Healthy recipes are hard to come by when talking about traditional used of canned pumpkin. Canned pumpkin by nature is healthy– it is naturally sweet, fibrous, and energy-giving– and is legal on our Whole 30 challenge this month. It is the combination of that can of pumpkin with things like evaporated milk, pastries, and sweeteners that detracts from your overall health. Check out these pumpkin recipe obsessions of mine. these are on my repertoire all fall!
5. Grain Free Pumpkin Pancakes. My age old trick is simple: Use the Against All Grain Banana Pancake Recipe, but replace the banana and chocolate chips with 1 can of pumpkin puree!! #foolproof
4. New Isagenix flavor Pumpkin Spice lean protein! Literally one of the best pumpkin spice flavors I’ve ever tasted, let alone the best protein shake I’ve ever tasted! I look SO forward to having this every morning this fall with almond milk after a workout! Paired with a piece of fruit, it becomes the perfect 400 calories breakfast to energize your day and keep you full until lunch!
3. My Pumpkin Lemongrass Soup might be the recipe I am most proud of. It is so simple, wholesome and absolutely flavorful and delicious!

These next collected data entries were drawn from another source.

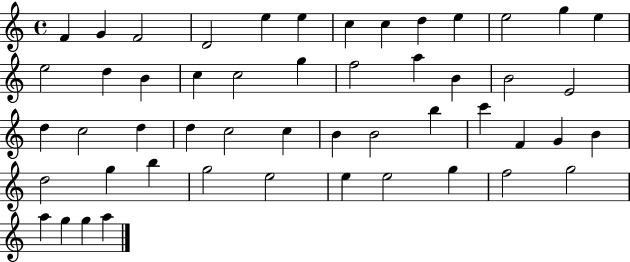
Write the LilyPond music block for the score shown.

{
  \clef treble
  \time 4/4
  \defaultTimeSignature
  \key c \major
  f'4 g'4 f'2 | d'2 e''4 e''4 | c''4 c''4 d''4 e''4 | e''2 g''4 e''4 | \break e''2 d''4 b'4 | c''4 c''2 g''4 | f''2 a''4 b'4 | b'2 e'2 | \break d''4 c''2 d''4 | d''4 c''2 c''4 | b'4 b'2 b''4 | c'''4 f'4 g'4 b'4 | \break d''2 g''4 b''4 | g''2 e''2 | e''4 e''2 g''4 | f''2 g''2 | \break a''4 g''4 g''4 a''4 | \bar "|."
}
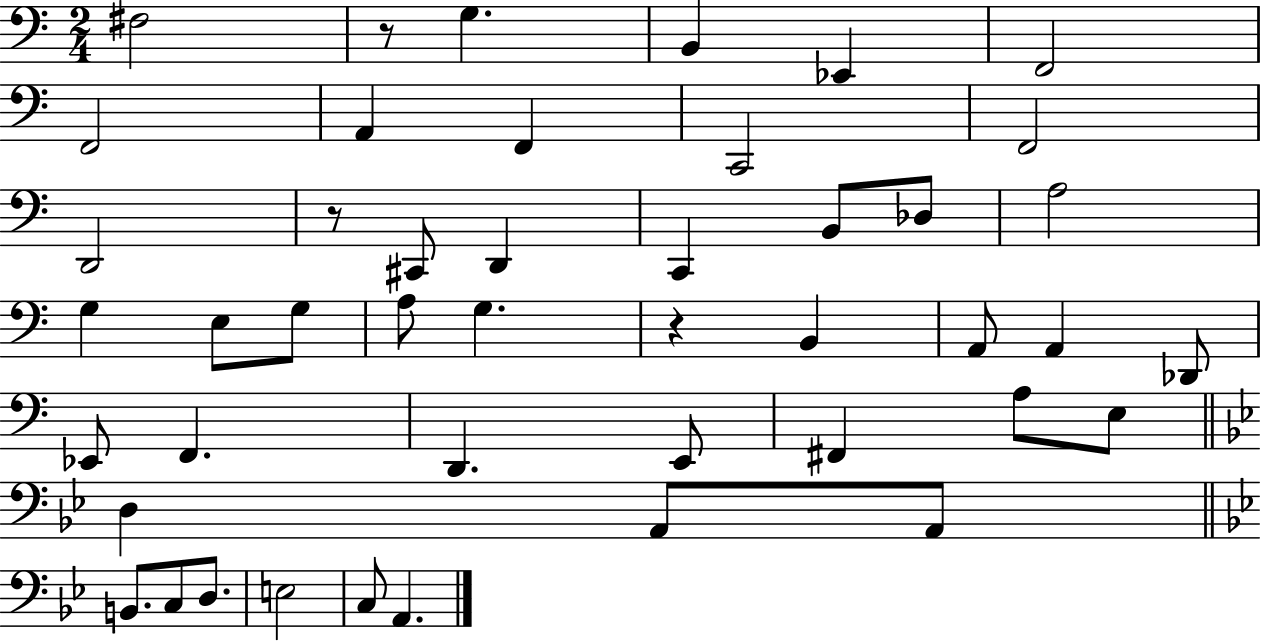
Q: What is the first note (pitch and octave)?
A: F#3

Please make it this month!!
2. Massaged Tuscan Kale Salad with dried cranberries, pumpkin seeds, and homemade Caesar dressing. I add a can of anchovies from Trader Joe’s to this beautiful Fall Salad for my lunches every day! To massage the kale, you just want to pre-dress it with your dressing of choice and lemon juice and massage the leaves to soften them. You can also shake it up in a tupperware.
1.My Paleo Pumpkin Spice Latte is pretty famous for being delicious, healthy and low in calories. A Starbucks PSL contains some dangerously unnecessary additives and packs about 400 calories. Mine is more like 120 and contains only canned pumpkin, fall spices, maple syrup, coffee, and light coconut milk.